**** Given records ****

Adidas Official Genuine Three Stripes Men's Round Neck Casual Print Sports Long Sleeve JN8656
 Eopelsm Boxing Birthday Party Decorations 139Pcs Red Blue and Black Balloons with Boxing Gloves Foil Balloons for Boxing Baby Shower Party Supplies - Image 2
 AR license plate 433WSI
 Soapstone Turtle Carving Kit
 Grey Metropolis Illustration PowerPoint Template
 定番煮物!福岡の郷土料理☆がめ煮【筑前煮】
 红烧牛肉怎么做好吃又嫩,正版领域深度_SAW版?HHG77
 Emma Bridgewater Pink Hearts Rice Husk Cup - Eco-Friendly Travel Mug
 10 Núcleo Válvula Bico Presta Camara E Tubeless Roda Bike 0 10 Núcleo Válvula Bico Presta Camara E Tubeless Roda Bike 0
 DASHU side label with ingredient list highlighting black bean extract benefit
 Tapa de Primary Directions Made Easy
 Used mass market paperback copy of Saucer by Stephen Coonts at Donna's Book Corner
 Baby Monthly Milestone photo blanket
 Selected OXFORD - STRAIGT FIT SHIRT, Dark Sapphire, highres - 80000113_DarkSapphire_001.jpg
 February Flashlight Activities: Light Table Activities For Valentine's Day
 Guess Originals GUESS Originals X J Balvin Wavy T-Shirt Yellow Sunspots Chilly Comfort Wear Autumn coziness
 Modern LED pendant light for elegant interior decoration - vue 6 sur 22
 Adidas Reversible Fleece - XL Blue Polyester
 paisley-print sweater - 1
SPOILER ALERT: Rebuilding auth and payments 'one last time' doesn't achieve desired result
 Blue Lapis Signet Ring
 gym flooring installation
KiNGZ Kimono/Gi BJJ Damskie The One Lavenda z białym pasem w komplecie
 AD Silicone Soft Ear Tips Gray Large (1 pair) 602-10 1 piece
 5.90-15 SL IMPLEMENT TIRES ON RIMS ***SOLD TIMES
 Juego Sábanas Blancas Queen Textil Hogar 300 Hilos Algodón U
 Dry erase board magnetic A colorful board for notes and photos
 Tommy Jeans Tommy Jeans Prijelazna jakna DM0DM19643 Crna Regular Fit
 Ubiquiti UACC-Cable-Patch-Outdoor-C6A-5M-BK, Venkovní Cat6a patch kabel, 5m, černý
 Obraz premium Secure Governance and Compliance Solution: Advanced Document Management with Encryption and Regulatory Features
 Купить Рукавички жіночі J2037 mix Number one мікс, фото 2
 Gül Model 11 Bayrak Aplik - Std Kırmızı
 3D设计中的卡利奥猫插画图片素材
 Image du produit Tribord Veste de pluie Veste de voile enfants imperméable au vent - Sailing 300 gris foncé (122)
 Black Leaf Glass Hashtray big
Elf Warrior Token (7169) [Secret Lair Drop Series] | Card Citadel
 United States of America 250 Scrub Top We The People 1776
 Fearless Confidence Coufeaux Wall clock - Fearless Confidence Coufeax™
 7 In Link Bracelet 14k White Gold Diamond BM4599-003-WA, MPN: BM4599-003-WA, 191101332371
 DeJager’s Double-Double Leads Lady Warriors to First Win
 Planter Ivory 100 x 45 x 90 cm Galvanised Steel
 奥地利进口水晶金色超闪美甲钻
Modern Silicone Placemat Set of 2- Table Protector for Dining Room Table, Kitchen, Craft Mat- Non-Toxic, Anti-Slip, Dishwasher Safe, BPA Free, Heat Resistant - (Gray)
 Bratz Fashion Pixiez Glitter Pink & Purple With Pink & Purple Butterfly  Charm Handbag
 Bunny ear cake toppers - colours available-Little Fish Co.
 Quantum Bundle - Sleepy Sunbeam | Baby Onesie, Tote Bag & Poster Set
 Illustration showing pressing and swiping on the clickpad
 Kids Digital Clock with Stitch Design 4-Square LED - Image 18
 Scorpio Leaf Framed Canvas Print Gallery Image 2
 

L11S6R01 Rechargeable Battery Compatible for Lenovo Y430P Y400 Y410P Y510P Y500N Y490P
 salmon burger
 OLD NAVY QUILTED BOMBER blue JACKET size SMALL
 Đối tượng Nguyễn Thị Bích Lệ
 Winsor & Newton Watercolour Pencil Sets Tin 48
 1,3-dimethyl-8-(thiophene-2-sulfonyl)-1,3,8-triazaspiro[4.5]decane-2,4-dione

****

> **Problem description**: Going from the line that has "Kids Digital Clock" through the last line of the entries, retype each line exactly as given and add nothing.

> **Your response**:
 Kids Digital Clock with Stitch Design 4-Square LED - Image 18
 Scorpio Leaf Framed Canvas Print Gallery Image 2
 

L11S6R01 Rechargeable Battery Compatible for Lenovo Y430P Y400 Y410P Y510P Y500N Y490P
 salmon burger
 OLD NAVY QUILTED BOMBER blue JACKET size SMALL
 Đối tượng Nguyễn Thị Bích Lệ
 Winsor & Newton Watercolour Pencil Sets Tin 48
 1,3-dimethyl-8-(thiophene-2-sulfonyl)-1,3,8-triazaspiro[4.5]decane-2,4-dione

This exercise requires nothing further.